An Aer Lingus flight carrying more than 180 passengers had to make an emergency landing Dublin Airport shortly after take off yesterday — the third such incident in a week.
It is understood the crew had to shut down one of the jet’s two engines after reporting a problem shortly after take-off.
Fight EI-490 had departed for Faro in Portugal with 181 passengers and crew, when the pilots detected an issue with the Airbus A321’s number 2 engine.
It is understood the crew reported vibrations in the engine soon after departure.
The flight returned to Dublin Airport and was able to vacate the runway under its own power. Accompanied by fire and rescue vehicles, the jet continued to the terminal where engineers were waiting to investigate the matter.
All passengers disembarked and were accommodated on a later flight.
The emergency landing was the third incident for the airline within a week.
Last Saturday, a flight bound for Munich was forced to return to Dublin shortly after it took off at 7.30am. Flight EI-352 had 148 passengers and crew on board.
A few minutes after take-off, the crew contacted air traffic controllers to advise of a problem. The pilot informed controllers: “We have a slight problem here in the cabin and we’d like to level off.”
The Airbus A320-200 jet levelled off at 16,000ft and flew two circuits over the Irish Sea to allow the crew to assess the problem and reduce altitude before returning to the airport.

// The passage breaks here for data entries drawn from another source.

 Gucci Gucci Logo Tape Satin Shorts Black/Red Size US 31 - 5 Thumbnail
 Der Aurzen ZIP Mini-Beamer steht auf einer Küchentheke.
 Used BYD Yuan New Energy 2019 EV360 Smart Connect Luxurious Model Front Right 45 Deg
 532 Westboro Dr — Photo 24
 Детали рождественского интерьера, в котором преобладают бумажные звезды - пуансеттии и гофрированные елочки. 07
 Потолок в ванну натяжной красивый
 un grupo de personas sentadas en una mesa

There was confusion over whether there was smoke in the cockpit or fumes in the passenger cabin. The plane landed safely at Dublin at 8.02am and continued to the terminal where passengers disembarked.
Airport crash crews were standing by for the aircraft and remained with the plane for a time after it.

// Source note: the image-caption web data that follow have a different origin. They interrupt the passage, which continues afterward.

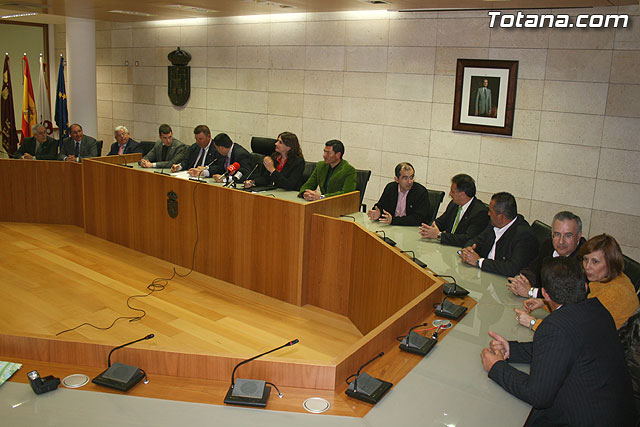 El Ayuntamiento y el Ilustre Cabildo Superior de Procesiones firman el convenio de colaboracin - 11
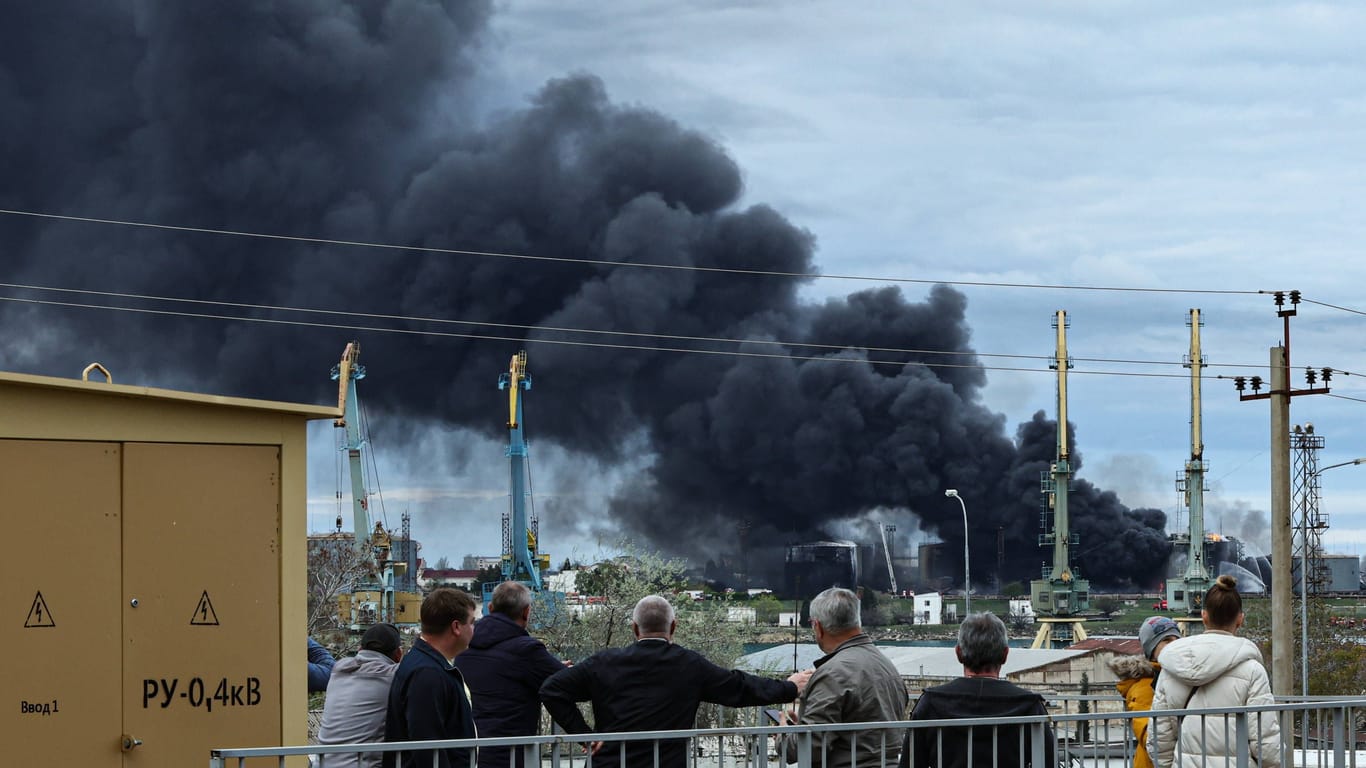 Ein brennendes Öldepot auf der Krim (Archivbild): Ukrainische Partisanen sollen an Anschlägen gegen russische Infrastruktur und Truppen verantwortlich sein.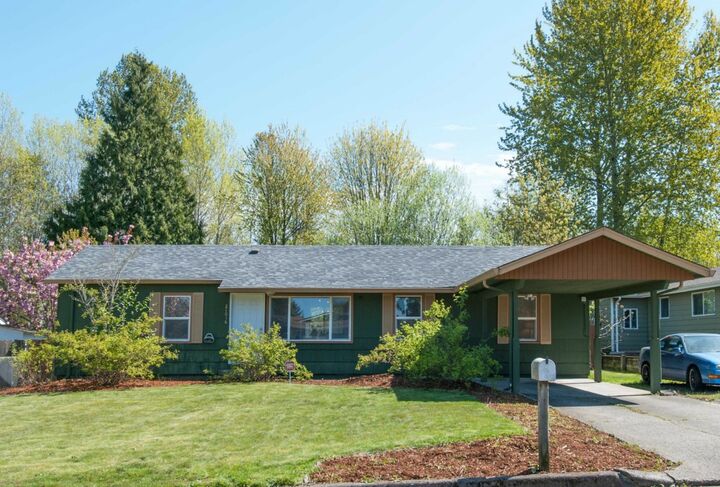 21016 121st Place SE  Kent WA 98031 photo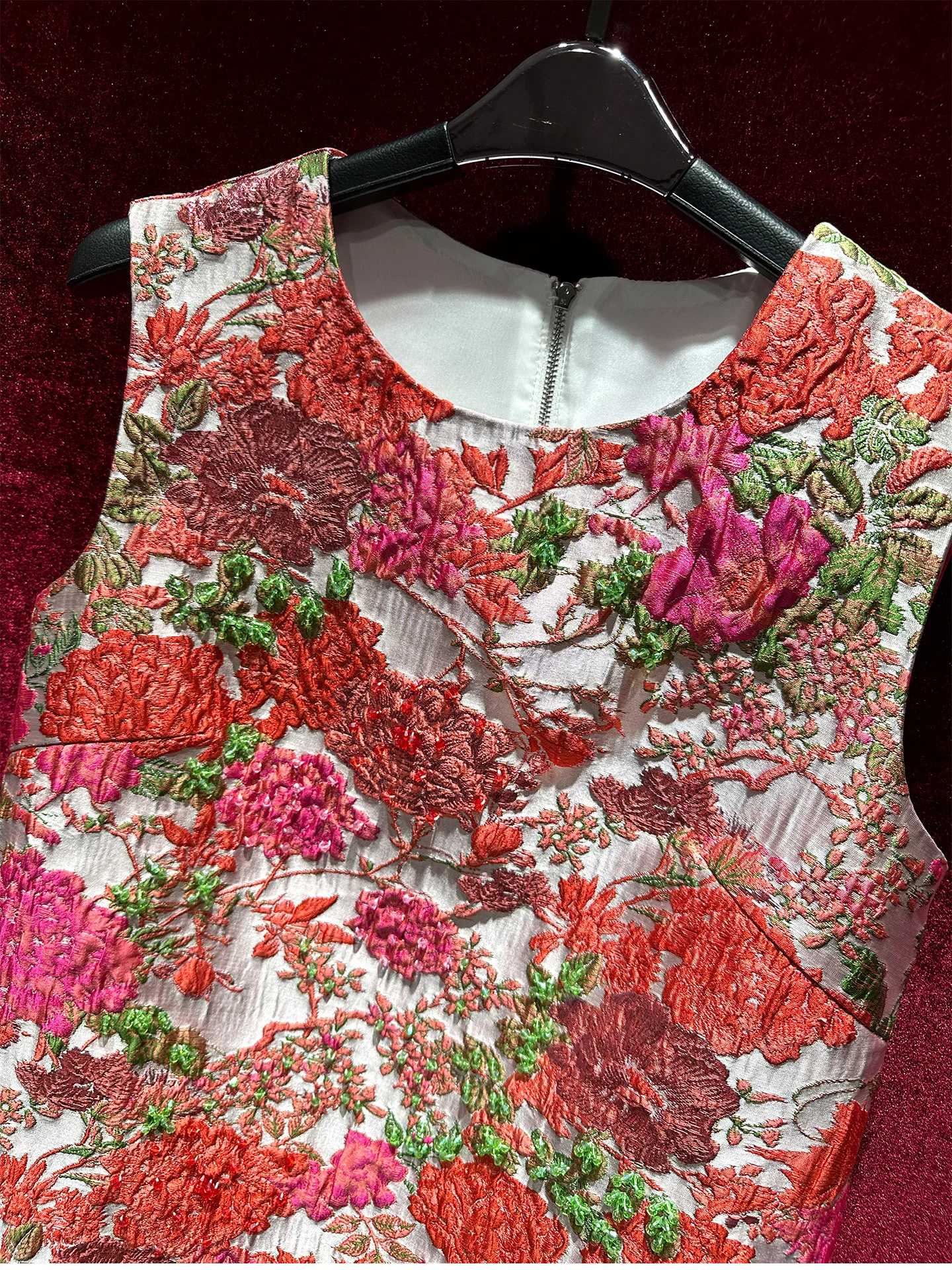 Hochwertige Stickerei, Jacquard-Diamanten, kurzes A-Linien-Kleid, 2025, neuer Sommer, lockere Taille, ärmelloses Tank-Kleid für Damen, Rundhalsausschnitt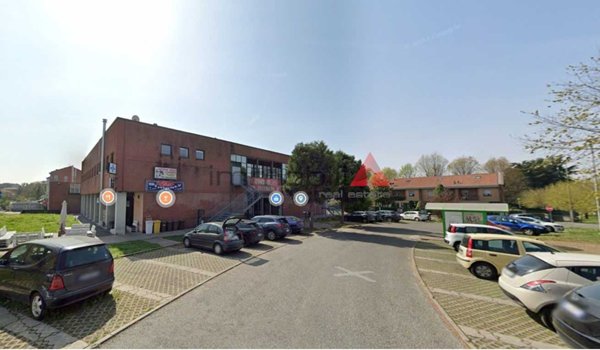 negozio in affitto a Verano Brianza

Aer Lingus said all passengers were accommodated on later flights.
Meanwhile, last Monday, an Aer Lingus flight leaving JFK Airport in New York had to return to make an emergency landing
Flight EI110, carrying 115 passengers, returned to the airport after the pilots received a failure notification in relation to the jet’s hydraulic system and landing gear.
An audio recording of the communications between the pilot and Air Traffic Control at JFK revealed the pilot informing the airport of the possibility of having to return.
“We do have a technical issue here — we lost our hydraulic system, one hydraulic system so we are going to have to return to Kennedy at some stage, not quite yet,” said the pilot.